◆ YOUR ASSIGNMENT ◆
Of all the entries below, only the lines from the one with "inject genes from" up to and including the one with "replace one in" are to be duplicated exactly.

───── DATA RECORDS

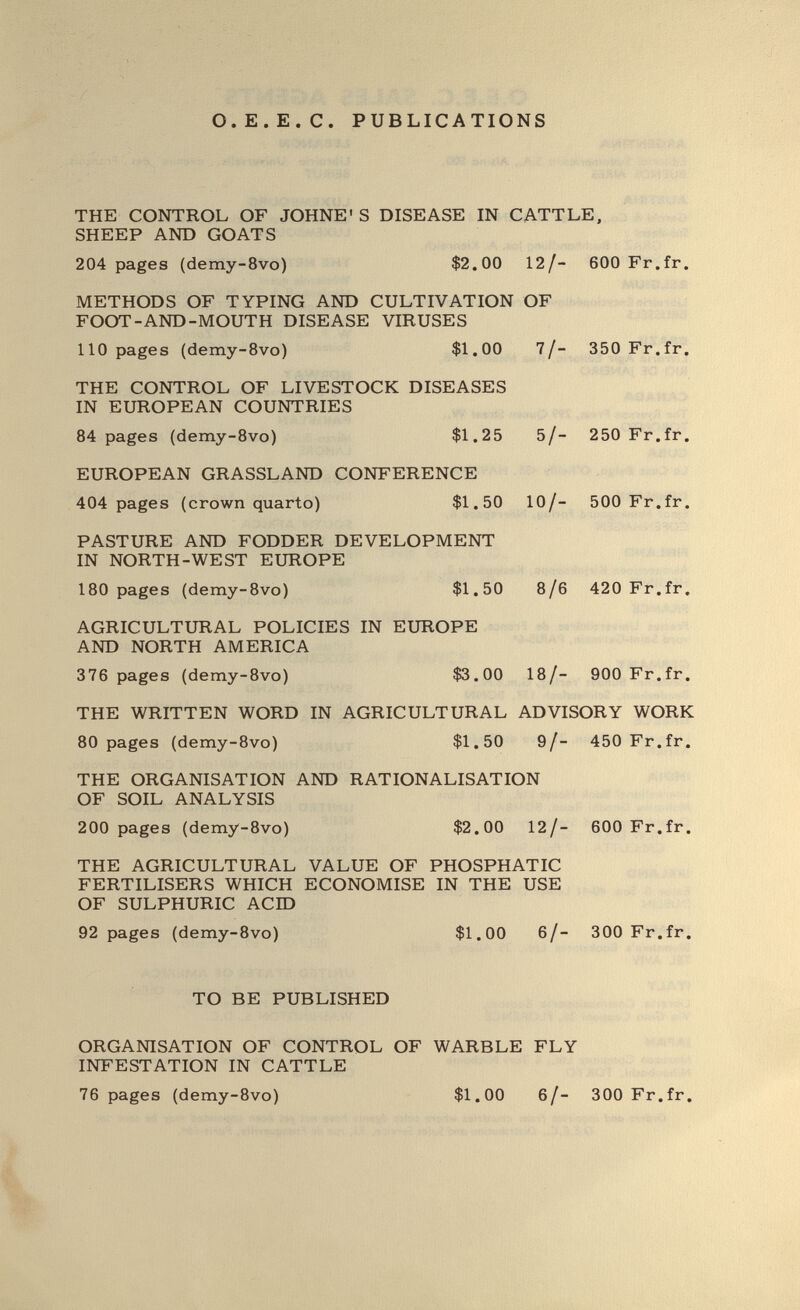 о.E.E.с. PUBLICATIONS THE CONTROL OF JOHNE' S DISEASE IN CATTLE, SHEEP AND GOATS 204 pages {demy-8vo) $2.00 12/- 600 Fr.fr. METHODS OF TYPING AND CULTIVATION OF FOOT-AND-MOUTH DISEASE VIRUSES 110 pages (demy-Svo) $1.00 7/- 350 Fr.fr. THE CONTROL OF LIVESTOCK DISEASES IN EUROPEAN COUNTRIES 84 pages (demy-Bvo) $1.25 5/- 250 Fr.fr. EUROPEAN GRASSLAND CONFERENCE 404 pages (crown quarto) $1.50 10/- 500 Fr.fr. PASTURE AND FODDER DEVELOPMENT IN NORTH-WEST EUROPE 180 pages (demy-8vo) $1.50 8/6 420 Fr.fr. AGRICULTURAL POLICIES IN EUROPE AND NORTH AMERICA 376 pages (demy-8vo) $3.00 18/- 900 Fr.fr. THE WRITTEN WORD IN AGRICULTURAL ADVISORY WORK 80 pages (demy-8vo) $1.50 9/- 450 Fr.fr. THE ORGANISATION AND RATIONALISATION OF SOIL ANALYSIS 200 pages {demy-8vo) $2.00 12/- 600 Fr.fr. THE AGRICULTURAL VALUE OF PHOSPHAT 1С FERTILISERS WHICH ECONOMISE IN THE USE OF SULPHURIC ACID 92 pages (demy-8vo) $1.00 6/- 300 Fr.fr. TO BE PUBLISHED ORGANISATION OF CONTROL OF WARBLE FLY INFESTATION IN CATTLE 76 pages (demy-8vo) $1.00 6/- 300 Fr.fr.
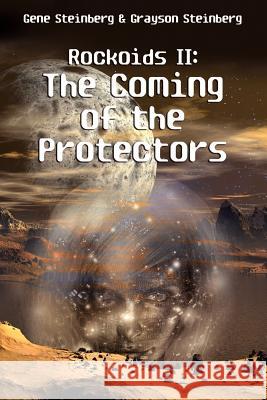 Rockoids II: The Coming of the Protectors Gene Steinberg Grayson Steinberg 9781620302354 Bookpatch.com - książka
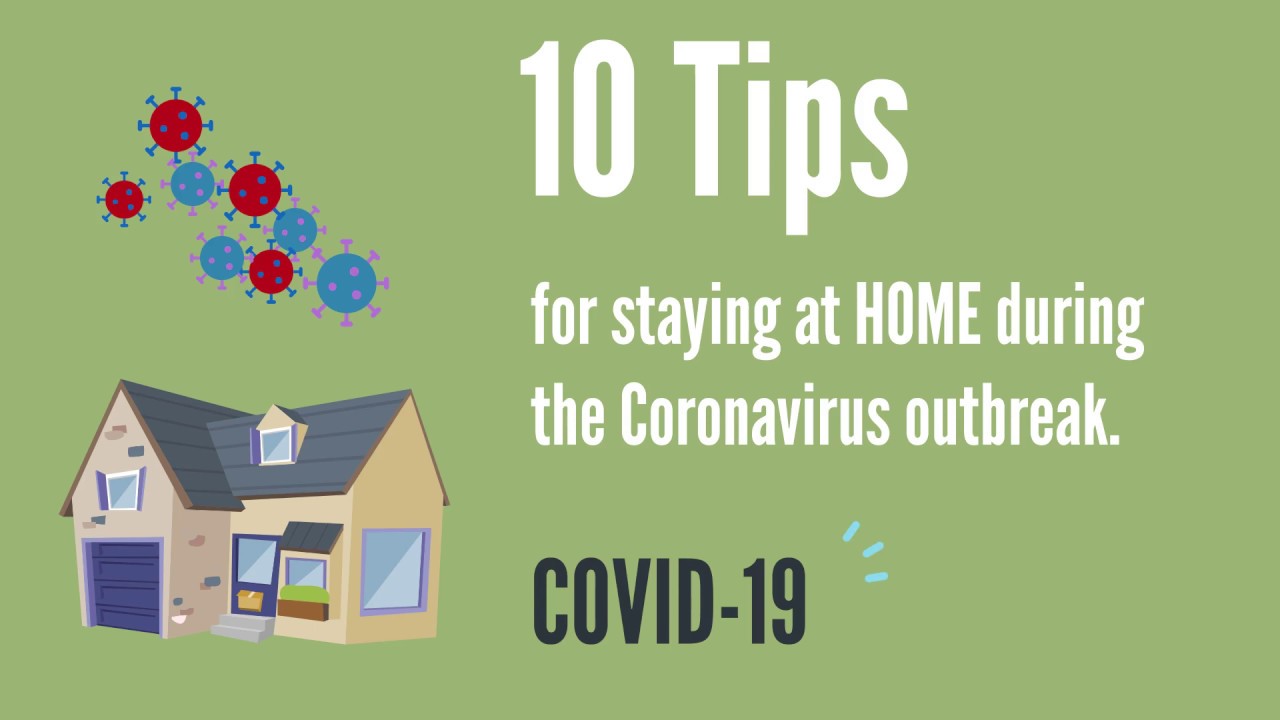 Quarantine Tips: What to do when staying at home during the Coronavirus outbreak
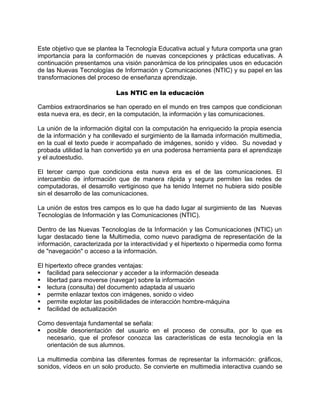 Este objetivo que se plantea la Tecnología Educativa actual y futura comporta una gran
importancia para la conformación de nuevas concepciones y prácticas educativas. A
continuación presentamos una visión panorámica de los principales usos en educación
de las Nuevas Tecnologías de Información y Comunicaciones (NTIC) y su papel en las
transformaciones del proceso de enseñanza aprendizaje.
Las NTIC en la educación
Cambios extraordinarios se han operado en el mundo en tres campos que condicionan
esta nueva era, es decir, en la computación, la información y las comunicaciones.
La unión de la información digital con la computación ha enriquecido la propia esencia
de la información y ha conllevado el surgimiento de la llamada información multimedia,
en la cual el texto puede ir acompañado de imágenes, sonido y vídeo. Su novedad y
probada utilidad la han convertido ya en una poderosa herramienta para el aprendizaje
y el autoestudio.
El tercer campo que condiciona esta nueva era es el de las comunicaciones. El
intercambio de información que de manera rápida y segura permiten las redes de
computadoras, el desarrollo vertiginoso que ha tenido Internet no hubiera sido posible
sin el desarrollo de las comunicaciones.
La unión de estos tres campos es lo que ha dado lugar al surgimiento de las Nuevas
Tecnologías de Información y las Comunicaciones (NTIC).
Dentro de las Nuevas Tecnologías de la Información y las Comunicaciones (NTIC) un
lugar destacado tiene la Multimedia, como nuevo paradigma de representación de la
información, caracterizada por la interactividad y el hipertexto o hipermedia como forma
de "navegación" o acceso a la información.
El hipertexto ofrece grandes ventajas:
facilidad para seleccionar y acceder a la información deseada
libertad para moverse (navegar) sobre la información
lectura (consulta) del documento adaptada al usuario
permite enlazar textos con imágenes, sonido o video
permite explotar las posibilidades de interacción hombre-máquina
facilidad de actualización
Como desventaja fundamental se señala:
posible desorientación del usuario en el proceso de consulta, por lo que es
necesario, que el profesor conozca las características de esta tecnología en la
orientación de sus alumnos.
La multimedia combina las diferentes formas de representar la información: gráficos,
sonidos, vídeos en un solo producto. Se convierte en multimedia interactiva cuando se
 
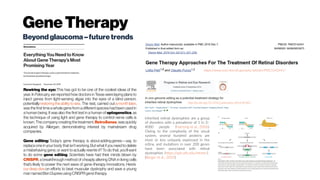 GeneTherapy
Beyondglaucoma–futuretrends
Rewiring the eye: This has got to be one of the coolest ideas of the
year. In February, we reported how doctors in Texas were laying plans to
inject genes from light-sensing algae into the eyes of a blind person,
potentially restoringtheabilitytosee. The test, carried out amonthlater,
wasthe firsttime a whole gene from adifferent specieshad been used in
a human being. It was also the first test in a human of optogenetics, as
the technique of using light and gene therapy to control nerve cells is
known. The company creating the treatment, RetroSense,wasquickly
acquired by Allergan, demonstrating interest by mainstream drug
companies.
Gene editing: Today’s gene therapy is about adding genes—say, to
replace one in your body thatisn’tworking.Butwhatifyou needtodelete
a misbehaving gene, or want to actually rewrite it? To do that, you’ll want
to do some gene editing. Scientists have had their minds blown by
CRISPR, a breakthrough method of cheaply altering DNA in living cells
that’s likely to power the next wave of gene-therapy innovations. Here’s 
our deepdive on efforts to beat muscular dystrophy and save a young
mannamedBenDupreeusingCRISPRgenetherapy.
https://www.ncbi.nlm.nih.gov/pmc/articles/PMC5142441/
http://dx.doi.org/10.1016/j.preteyeres.2016.09.001
Inherited retinal dystrophies are a group
of disorders with a prevalence of 1 in 3–
4000 people (Hartong et al., 2006).
Owing to the complexity of the visual
system, several hundred proteins are
more or less uniquely expressed in the
retina, and mutations in over 200 genes
have been associated with retinal
dystrophies (https://sph.uth.edu/retnet/)
(Berger et al., 2010)
 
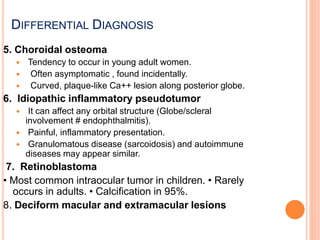 5. Choroidal osteoma
 Tendency to occur in young adult women.
 Often asymptomatic , found incidentally.
 Curved, plaque-like Ca++ lesion along posterior globe.
6. Idiopathic inflammatory pseudotumor
 It can affect any orbital structure (Globe/scleral
involvement # endophthalmitis).
 Painful, inflammatory presentation.
 Granulomatous disease (sarcoidosis) and autoimmune
diseases may appear similar.
7. Retinoblastoma
• Most common intraocular tumor in children. • Rarely
occurs in adults. • Calcification in 95%.
8. Deciform macular and extramacular lesions
DIFFERENTIAL DIAGNOSIS
 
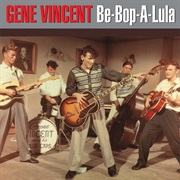 Gene Vincent - Be-Bop-A-Lula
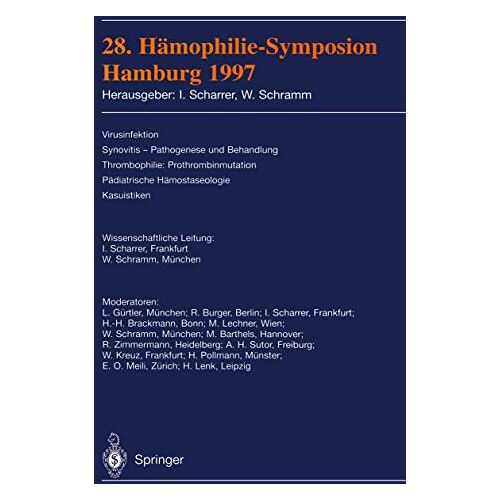 Inge Scharrer – 28. Hämophilie-Symposium Hamburg 1997. Virusinfektion, Synovitis-Pathogenese und Behandlung, Thrombophilie: Prothrombinmutation, Pädiatrische … Mit Beiträgen zahlreicher Fachwissenschaftler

──────────

◆ WRITTEN REPLY ◆
inject genes from light-sensing algae into the eyes of a blind person,
potentially restoringtheabilitytosee. The test, carried out amonthlater,
wasthe firsttime a whole gene from adifferent specieshad been used in
a human being. It was also the first test in a human of optogenetics, as
the technique of using light and gene therapy to control nerve cells is
known. The company creating the treatment, RetroSense,wasquickly
acquired by Allergan, demonstrating interest by mainstream drug
companies.
Gene editing: Today’s gene therapy is about adding genes—say, to
replace one in your body thatisn’tworking.Butwhatifyou needtodelete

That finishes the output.